神風
俺が高校生の時の、日本史の時間の話だ。
「蒙古襲来は、いつかな?」
確か、1274年だったな。俺は思い出した。
「その通り。それは文永の役だ」
あ、そっか。もう1回あったな。確か、弘安の役だったはず。
「うむ。それは1281年だ。あっているぞ」
ふう。俺の知識に問題はなさそうだな。
「そう油断するな。重要なのは、北条時宗のように隙を見せないことだ」
確かに武士なら、身を引き締めるべきだものな。
「そうだ。そうすれば神も風を吹いてくれる」
蒙古襲来…元寇とも言う。世界の4分の1を支配していた当時どころか今までの歴史の中でも1番大きな帝国が日本に攻めてきたことがある。
そこでこんな話を聞いたことないか?
神風が吹いて、元を壊滅させた。
間違ってはいない。でも、あってるかというと、ちょっとだけ違う。
元の船は、海上にいた。だから神風…今でいう台風が直撃して壊滅するんだけど。どうして元は海の上にいたのか?
博多には防塁が築かれてはいた。でも進軍が阻まれたのであって、元も少しは上陸できたはずだろう?
理由はな、日本の武士が強すぎたんだ。それはそれは、元の予想の遥か斜め上を行くぐらい。陸地を少しでも占拠することもできなかったようだ。
そもそも武士が弱かったら、元は1度目の侵略で日本を攻略できたはず。でも、できていない。そして2度目も全然敵わなかったのだ…。

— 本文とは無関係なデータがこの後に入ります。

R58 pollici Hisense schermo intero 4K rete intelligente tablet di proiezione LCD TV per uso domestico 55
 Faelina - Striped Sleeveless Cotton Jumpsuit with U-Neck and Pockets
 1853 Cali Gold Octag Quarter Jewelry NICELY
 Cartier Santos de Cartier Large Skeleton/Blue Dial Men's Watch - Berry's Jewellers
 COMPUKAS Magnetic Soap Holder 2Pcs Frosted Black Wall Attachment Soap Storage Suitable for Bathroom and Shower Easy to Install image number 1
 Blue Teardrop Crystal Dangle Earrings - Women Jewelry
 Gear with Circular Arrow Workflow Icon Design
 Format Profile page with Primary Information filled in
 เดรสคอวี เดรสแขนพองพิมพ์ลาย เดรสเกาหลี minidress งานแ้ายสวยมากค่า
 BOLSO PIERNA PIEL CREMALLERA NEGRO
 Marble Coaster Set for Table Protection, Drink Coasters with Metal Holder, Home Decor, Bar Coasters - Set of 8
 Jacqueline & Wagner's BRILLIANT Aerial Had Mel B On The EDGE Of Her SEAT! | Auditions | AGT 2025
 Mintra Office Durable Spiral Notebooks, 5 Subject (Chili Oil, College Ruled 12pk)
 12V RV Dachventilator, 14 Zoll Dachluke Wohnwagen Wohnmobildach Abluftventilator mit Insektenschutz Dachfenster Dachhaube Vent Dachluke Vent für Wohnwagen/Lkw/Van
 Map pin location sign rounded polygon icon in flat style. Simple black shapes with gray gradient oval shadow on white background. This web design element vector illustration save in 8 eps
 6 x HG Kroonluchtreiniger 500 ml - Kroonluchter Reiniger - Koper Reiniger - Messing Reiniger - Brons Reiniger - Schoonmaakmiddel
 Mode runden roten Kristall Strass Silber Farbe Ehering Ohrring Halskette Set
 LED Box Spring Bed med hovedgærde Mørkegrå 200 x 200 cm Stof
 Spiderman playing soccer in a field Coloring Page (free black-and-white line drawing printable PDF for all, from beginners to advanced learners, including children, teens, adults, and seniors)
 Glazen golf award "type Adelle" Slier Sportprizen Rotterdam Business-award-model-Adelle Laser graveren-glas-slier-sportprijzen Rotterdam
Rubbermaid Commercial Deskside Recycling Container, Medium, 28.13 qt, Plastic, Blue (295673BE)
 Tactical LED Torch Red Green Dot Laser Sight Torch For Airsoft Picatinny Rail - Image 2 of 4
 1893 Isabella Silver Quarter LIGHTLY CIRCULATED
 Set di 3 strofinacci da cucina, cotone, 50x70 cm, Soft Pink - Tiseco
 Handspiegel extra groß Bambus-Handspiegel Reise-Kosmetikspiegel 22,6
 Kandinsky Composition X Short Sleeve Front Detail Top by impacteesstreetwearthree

だから元軍は海に留まるほかなく、そこに台風が直撃したってワケ。
確かに風は吹いたけど、それは武士が隙を見せなかったから、功を奏したんだ。
これが第二次世界大戦時に勝手に美談になって、神風特攻隊なんてできてしまって…。これを知ったら北条時宗は、何を感じるんだろうか?